This experience might be new for me, but that’s not the case for everyone. During the crisis, disabled and chronically ill voices have largely been overlooked – even though for these groups, being homebound may be commonplace. Zipporah, an acquaintance who is chronically ill and immunocompromised, told me that for them, it felt like living in a snow globe; that your whole world may as well be just the property you live on. “Going out” might just mean going out onto the porch or into the yard.
This naturally creates a heightened awareness of the small things you can do to cater your physical environment to your needs. Whether it is a vase of flowers, postcards on the wall, moving the desk to the window or cleaning the glass itself, being in one small space may lead us to manipulate and control elements of our physical environments that we hadn’t always thought to before. Zipporah said that because their “outside” world is so tiny, they find ways to bring it into their “inside” world. For them, plants and open windows are a small reminder that we all live on land that’s anchored to a very large planet filled with life.
Putting small touches in my flat to make it feel more like home
Then there is the impact of spending most of your time in the domestic sphere – something that many workers under capitalism aren’t used to doing. There are the chores that people like myself previously found difficult to do because we barely spent any time in physical proximity to our homes – those that were always done as we were rushing out the door, or bleary-eyed before bed. In her essay How to Rest, chronically ill writer Millie Baylis explained how illness and being housebound made her relate to these tasks differently: “There are small joys…like taking white linen off the washing line – smelling and folding the sheets while they are still stiff.” When we spend most of our time at home,, things like laundry are no longer side-tasks, they are the task.
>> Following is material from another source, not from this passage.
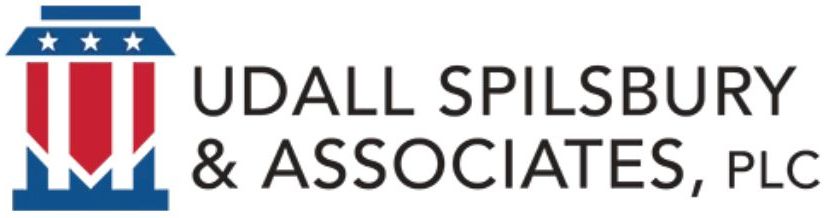 The logo for udall spilsbury & associates plc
This new relationship to space, of course, has political potential. In their essay Sick Woman Theory, Johanna Hedva picks apart philosopher Hannah Arendt’s definition of the political – that is “any action that is performed in public” – and the way that that excludes anyone who cannot easily move through public spaces. That might be disabled people, or black people, who are disproportionately targeted by the police. Johanna interrogates this in a way that feels relevant to the current crisis: “How do you throw a brick through the window of a bank if you can’t get out of bed?” If politics only happened in “public”, it would be impossible for anyone isolating to participate – because our physical worlds have shrunk so small that they no longer overlap to make up the imaginary thing we call the “public” sphere.
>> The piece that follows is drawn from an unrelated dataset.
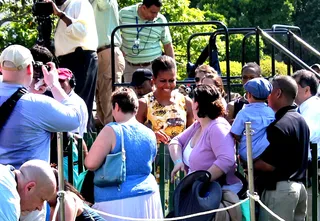 First Lady Fans - First Lady Michelle Obama was crowded by excited attendees when she came down to the lawn with Malia and Sasha to give egg rolling a go. (Photo: Angel Elliott/ BET Digital)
“I became so used to hearing that ‘taking up space’ is a political act, but now I’m remembering that taking up less space can be political too”
But of course, what we are doing right now is explicitly political. Becoming small, retreating into these tiny spaces, physically manifests that feminist adage that the personal is political. Over the past few years I became so used to hearing that “taking up space” is a political act, but now I’m remembering that taking up less space can be political too. As Anne Boyer wrote: “we must begin to see the negative space as clearly as the positive”.
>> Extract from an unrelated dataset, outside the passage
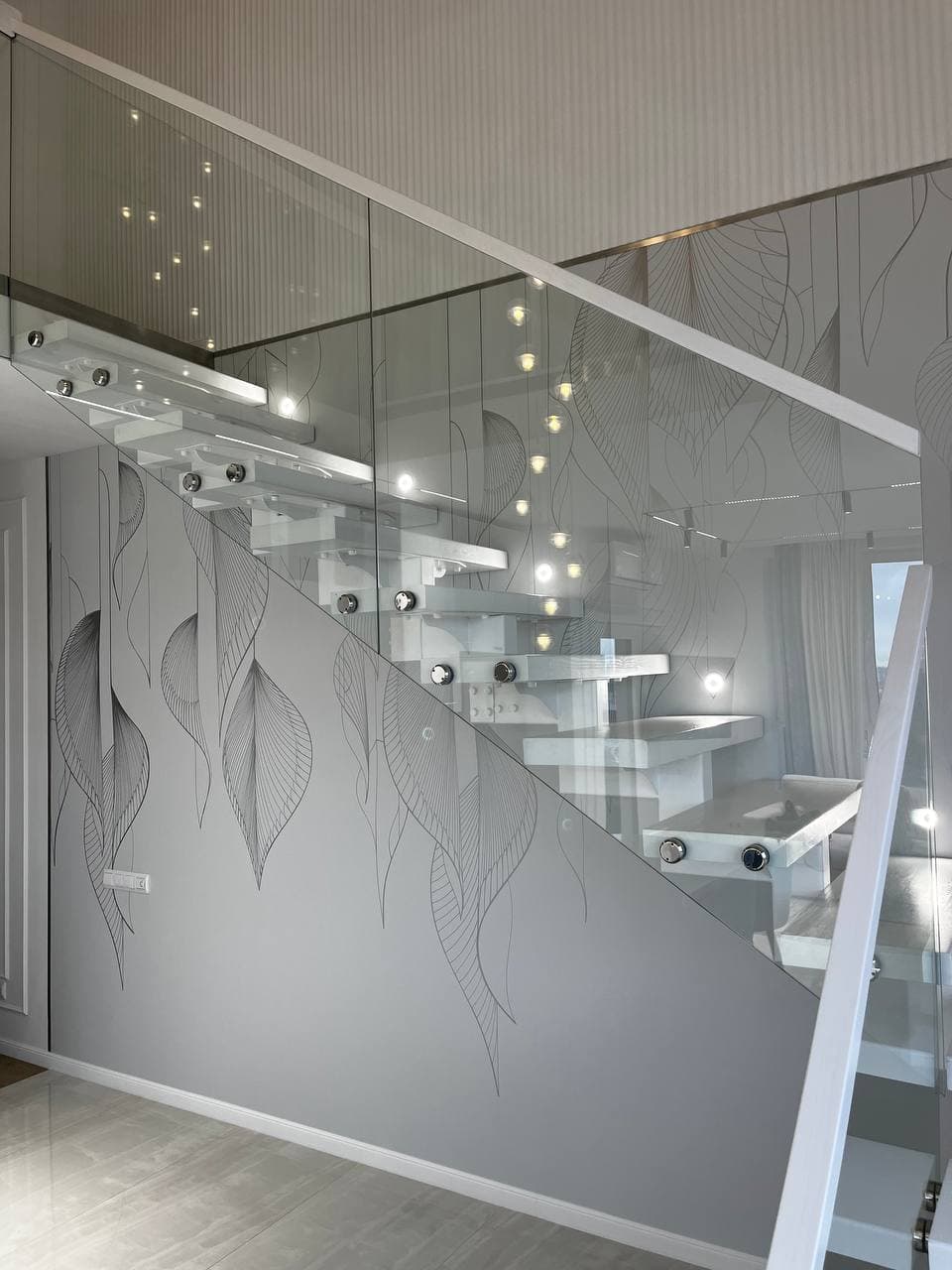 Contemporary white floating staircase with glass railings and an elegant leaf-patterned wall mural.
Beyond our houses, there is also local politics – the new shape and size of our worlds means we are naturally focusing more on our communities. Participation in mutual aid has drawn many people’s attention to the importance of finding out who shares your immediate physical space; that is, who lives in your building, or on your street, rather than simply thinking about who occupies faraway, purpose-built locations, like your office, or your favourite places to eat or go out. I know people who are getting to know their own housemates for the first time. By living smaller, we are being forced to look at the concerns right in front of us. We are reliant on each other; even Boris Johnson has admitted that, contrary to the words of Margaret Thatcher, there is such a thing as a society.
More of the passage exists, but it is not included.